> [RECORDED INFORMATION]:
'''
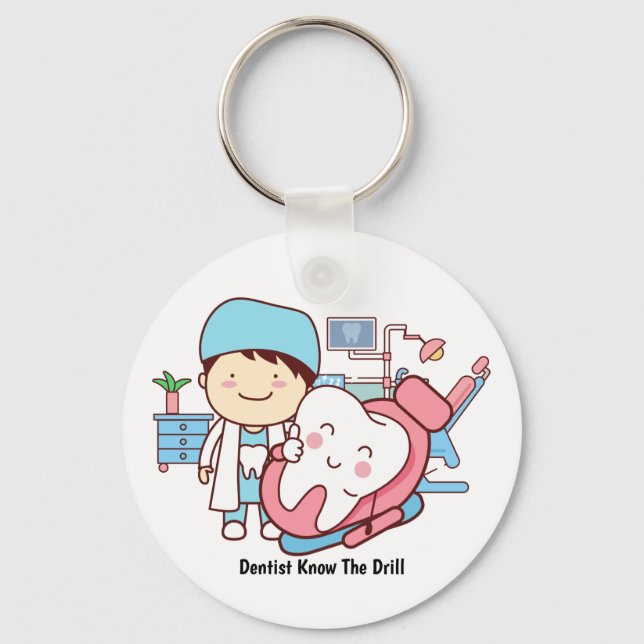 Porte-clés dentiste Animé avec dent (Recto)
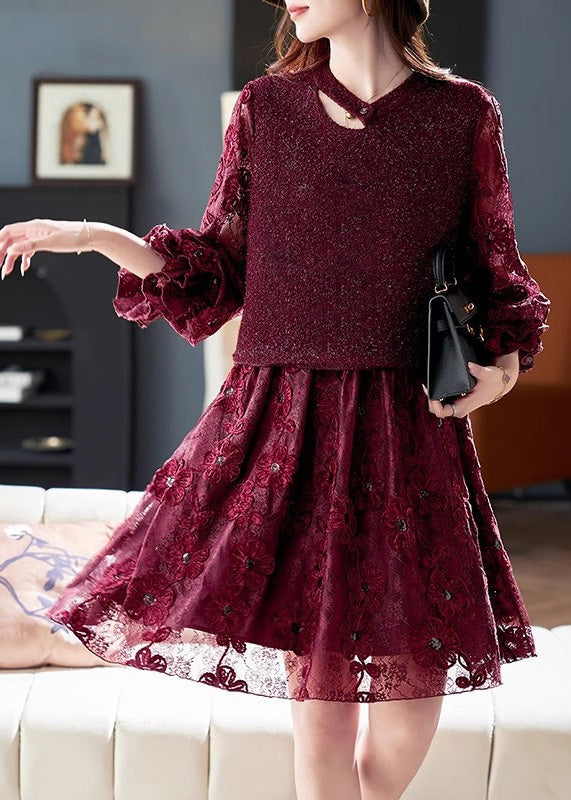 Modern Red O-Neck Patchwork Fake Two Pieces Long Dresses Spring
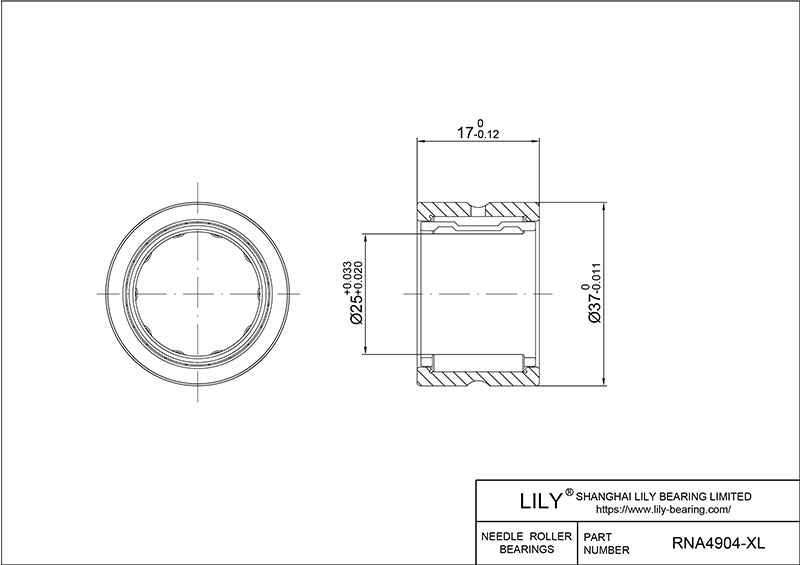 RNA4904-XL Heavy Duty Needle Roller Bearings (Machined) cad drawing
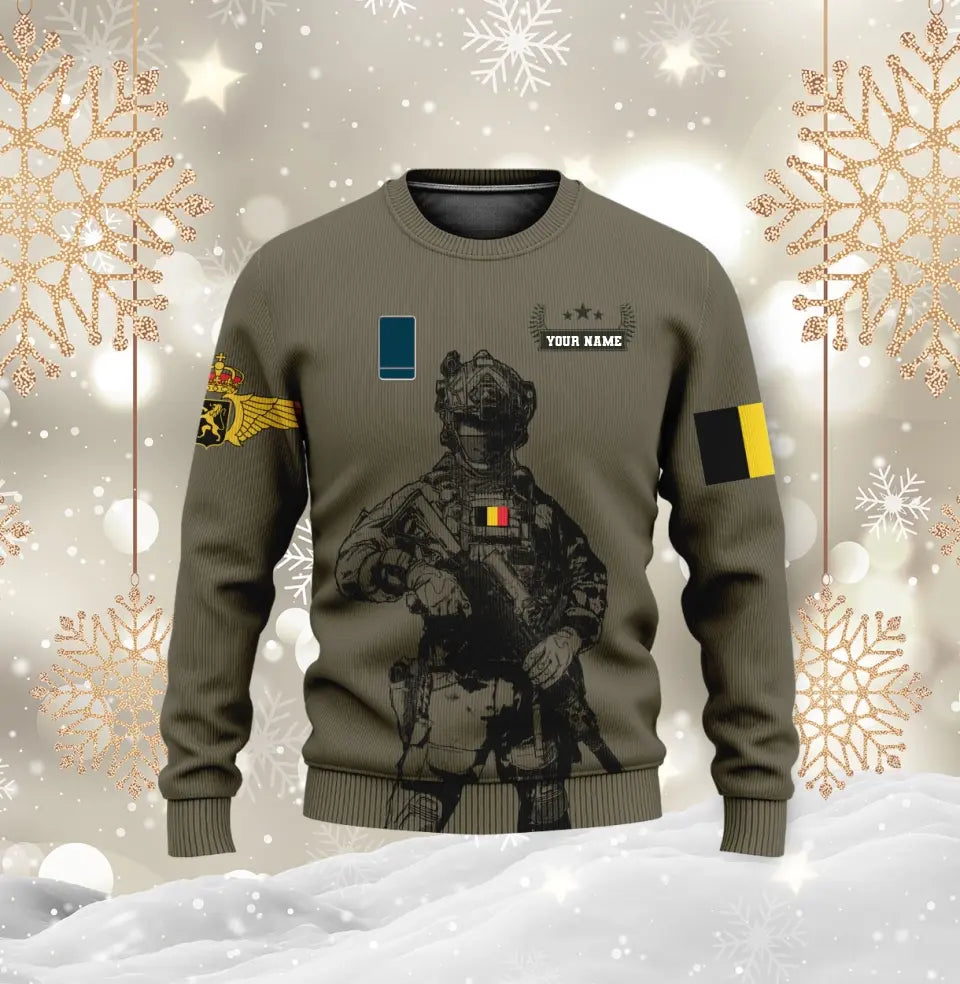 Sweat à capuche personnalisé avec camouflage soldat/vétéran belge avec nom et grade imprimé en 3D - 16968096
'''
> [PROBLEM TO WORK ON]:
Return the lines exactly, from the one containing "RNA4904-XL Heavy Duty" through the last line above, including both ends and excluding every picture.

> [RESULT FOR THIS TASK]:
 RNA4904-XL Heavy Duty Needle Roller Bearings (Machined) cad drawing
 Sweat à capuche personnalisé avec camouflage soldat/vétéran belge avec nom et grade imprimé en 3D - 16968096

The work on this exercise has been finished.